Today’s Perfect Picture Book Friday selection is from one of my favorite authors, Newbery Medal winner, Matt de La Peña. And what better way to celebrate Valentine’s Day than a celebration of love in its many forms.
Written by: Matt de La Peña
Illustrated by: Loren Long
G.P. Putnam’s Sons, 2018, fiction
For Ages: 4 and up
Themes/Topics: love, family, emotions, connection
In the beginning there is light
and two wide-eyed figures standing
near the foot of your bed,
and the sound of their voices is love.
Summary (from the publisher): “In this heartfelt celebration of love, Newbery Medal-winning author Matt de la Peña and bestselling illustrator Loren Long depict the many ways we experience this universal bond, which carries us from the day we are born throughout the years of our childhood and beyond. With a lyrical text that’s soothing and inspiring, this tender tale is a needed comfort and a new classic that will resonate with readers of every age.”

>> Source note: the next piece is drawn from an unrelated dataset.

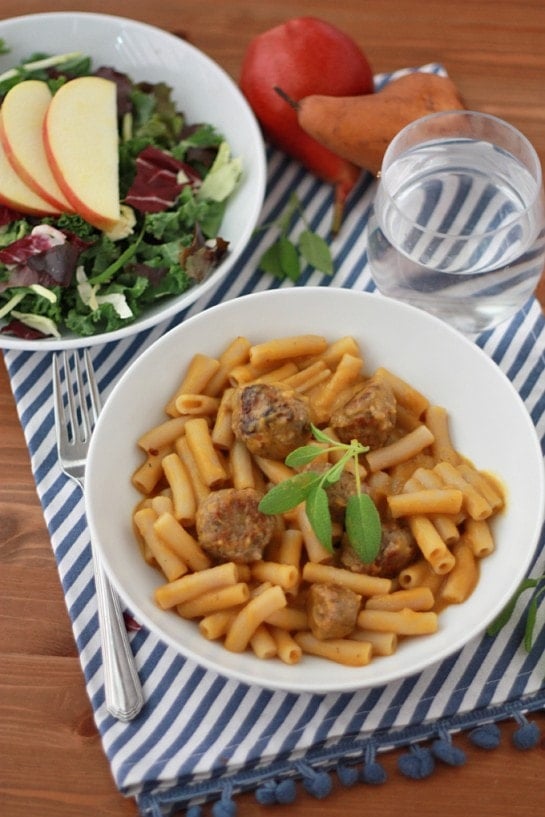 a bowl of meatballs and pasta with butternut squash sauce on a wooden table with a bowl of salad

Why I LOVE This Book: The lyrical language carries us beautifully from one instance of “love” to the next. We find love in expected and unexpected places. The book doesn’t shy away from the fact that life can be challenging and painful at times. Love helps, but it can’t fix everything.

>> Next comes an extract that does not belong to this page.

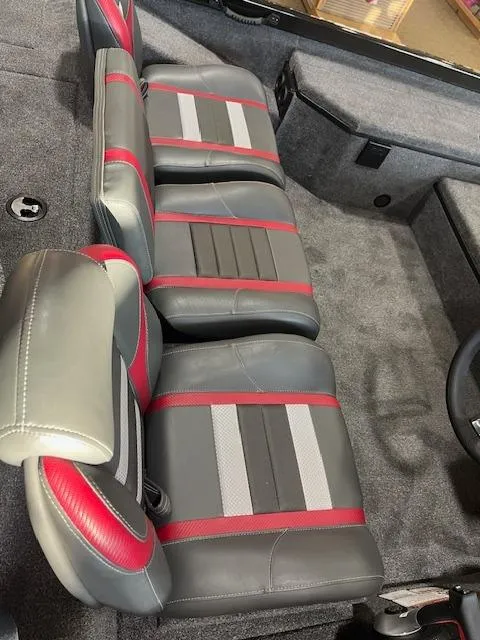 Slide: The Image of 2025 Ranger RT178 boat interior with gray and red seats. - 7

A “quiet old lady” tells the “you” of the story, “Stars shine long after they’ve flamed out…and the shine they shine with is love.” In the next spread we read, “But it’s not only stars that flame out, you discover. It’s summers, too. And friendships. And people.” The illustration depicts a child and dog cowering under a piano as the child’s parents argue. This spread has been the topic of some hot debate in the kidlit community. I like what Loren Long has said about this spread: “And what I’m illustrating here is a domestic dispute. And if you’re reading this book with a child from a wonderfully stable home, great. But that’s a way of sharing empathy with that experience. And if you are that child under the piano, you exist in this book.” (https://www.npr.org/2018/01/15/578172727/new-picture-book-illustrates-how-love-is-always-around)
The book also calls out instances of love that might be “overlooked,” like a “love that wakes at dawn and rides to work on the bus.” I love that a child might read this book and realize that something she sees a parent do every day, something she takes for granted, might in fact be a manifestation of love.